In what started as a seemingly innocent act of advertising, the construction and installation of light-up signs depicting the cartoon characters in major cities around the United States snowballed into a national incident of paranoia and overreaction by state officials as well as the nation's media after the displays were mistaken for explosives and bomb squads were called in. Much has already been said about the downright silliness of the situation.

Yes, it is an illuminated picture of a cartoon character that had people calling for bomb squads. Yes, out of 10 cities (including New York) where these signs were placed, only those placed in Boston resulted in mass hysteria. Remarkably, Boston is being commended for acting swiftly in its reaction to the placement of these objects, regardless of the fact they had been sitting in plain sight - projecting bright, colorful lights, no less - for over a week before action was taken.

The most distressing thing about this commercial calamity isn't the faux bombs, but what the paranoid reaction they invoked says about our nation's confidence.

The very fact that newspapers are using the word "hoax" in their headlines is inherently poor journalism. For the marketing company's actions to be a hoax, by definition, there must be a proven intent to deceive. For all intents and purposes, this seems to be no more than a marketing ploy gone horribly wrong, and the very usage of the word "hoax" is erroneous.

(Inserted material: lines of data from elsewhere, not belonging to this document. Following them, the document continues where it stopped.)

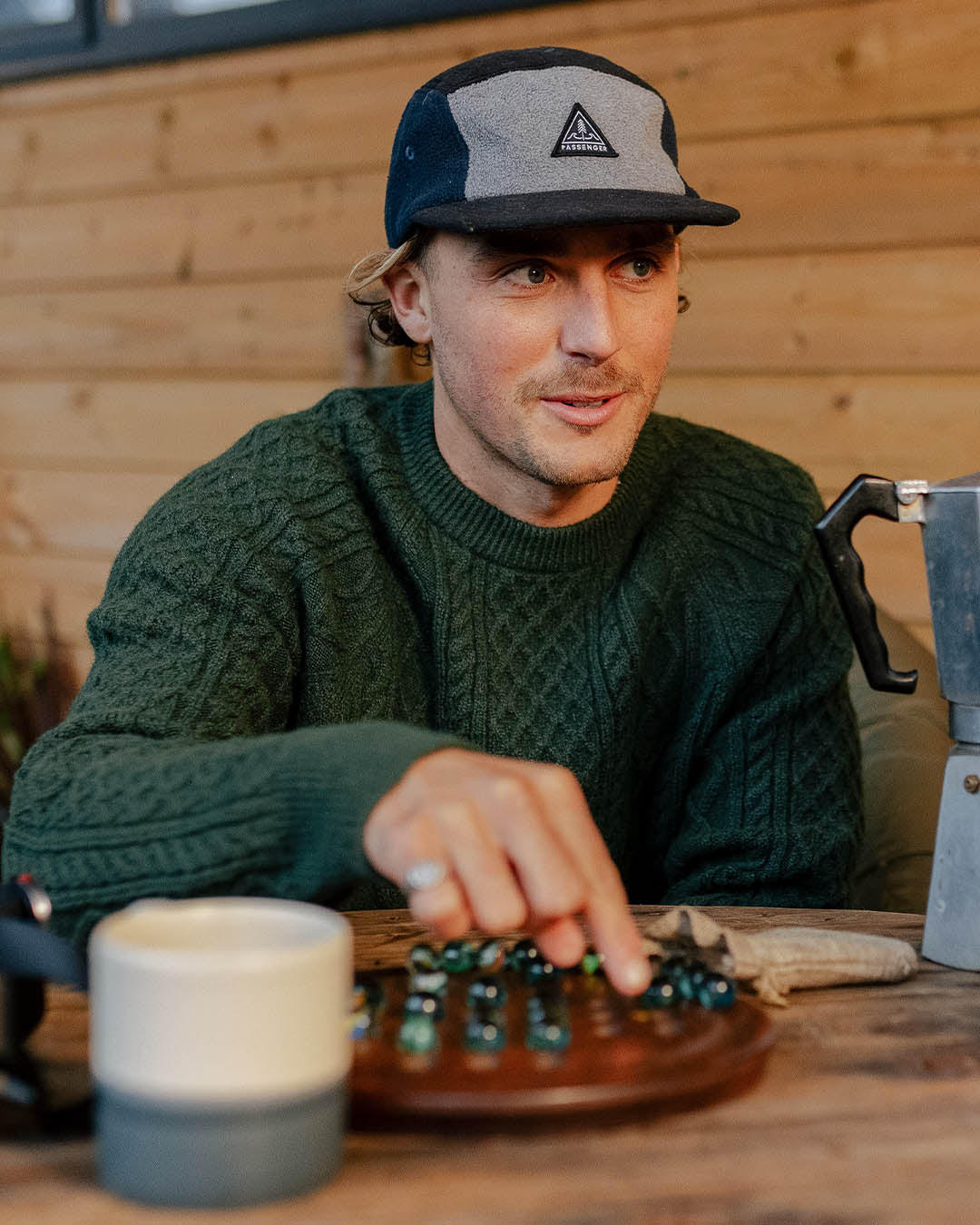 Sandbar Cable Knitted Jumper - Fir Tree - Lifestyle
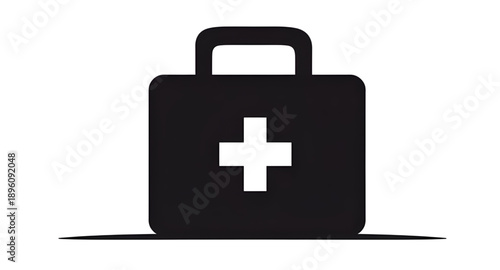 first, aid, box, medical, health, emergency, care, rescue, safety, help, hospital, clinic, medicine, kit, cross, symbol, icon, silhouette, vector, minimal, modern, flat, solid, glyph, line, black, whi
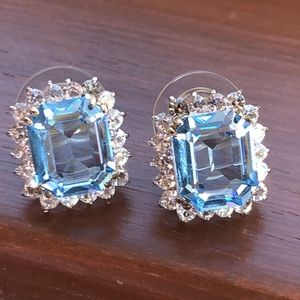 Blue and white Topaz post Earrings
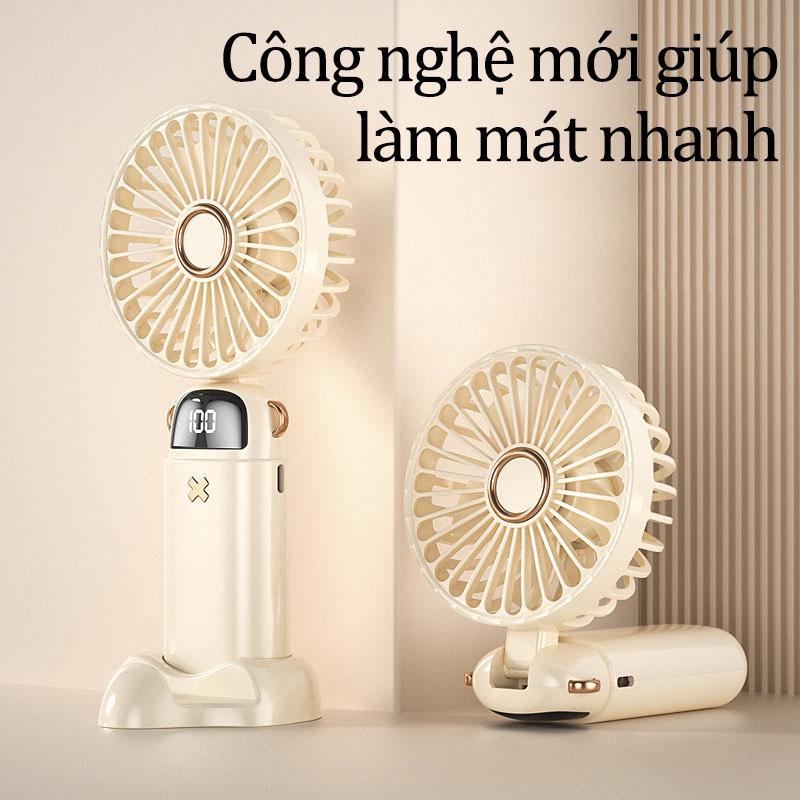 [6000mAh] Quạt makeup mini 5 cấp độ cầm tay sạc điện siêu mát tích điện có thể để bàn - Hity Beauty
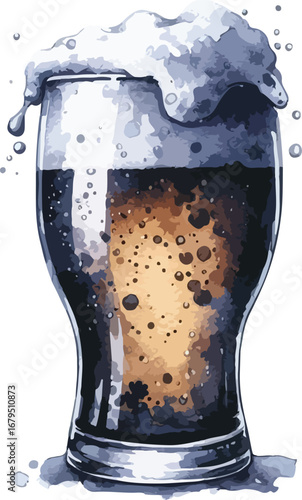 Refreshing Pint of Dark Beer Illustration with Frothy Head in Watercolor Style Design Perfect for Pubs and Breweries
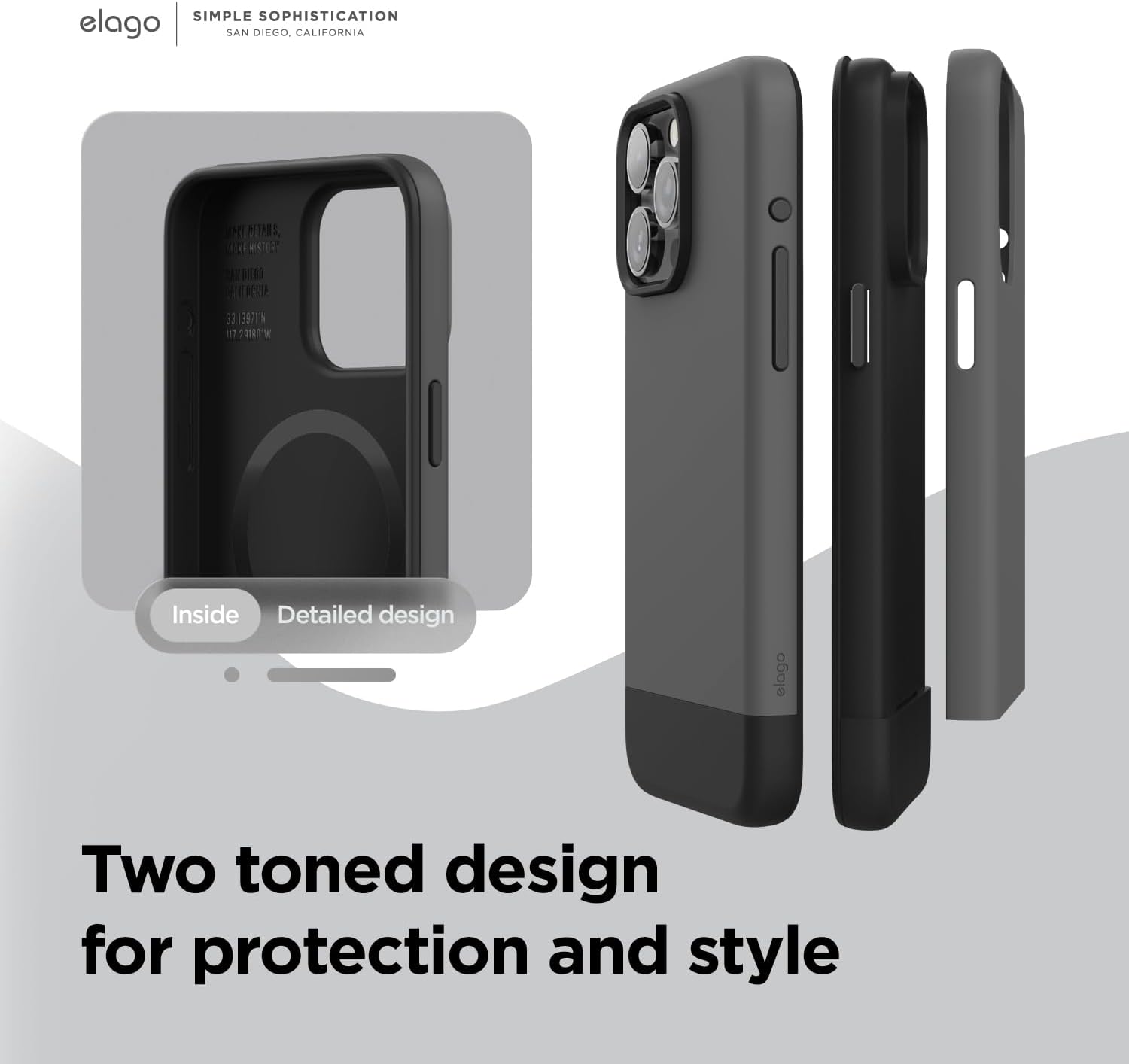 Thumbnail 2 de elago Magnetic Glide pour iPhone 15 Pro coque MagSafe, gris foncé/ noir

Whether more discretion should have been used in the planning process of the advertisements is another matter entirely; however, it's hard to believe the marketers' first inclination when looking at a battery-powered image of a polygonal cartoon character was one of terrorist tendencies.

Even more interesting is the poorly-concealed and paltry angles these newspapers are taking in their articles, presenting the two cartoon creators as criminals. The Boston Globe, in its coverage of the incident, includes this downright goofy quote from Massachusetts Attorney General Martha Coakley: "It had a very sinister appearance…It had a battery behind it, and wires."

One publication even uses a source that compares the event to Orson Welles' infamous 1938 radio broadcast, War of the World. It would be na've to think that major publications do wouldn't embrace events like this, but the least they can do is fake consideration.

But back to that crippling weakness. If nothing else, this event shows our clumsy non-skills in the face of a threat, something we were supposed to learn about from 9/11. What will stop a real terrorist organization from planning another attack when America reacts so ineptly to something so harmless?

If a light-up cartoon can shake a city to a standstill, it may be a frightening question to ask what else will cause this kind of stir.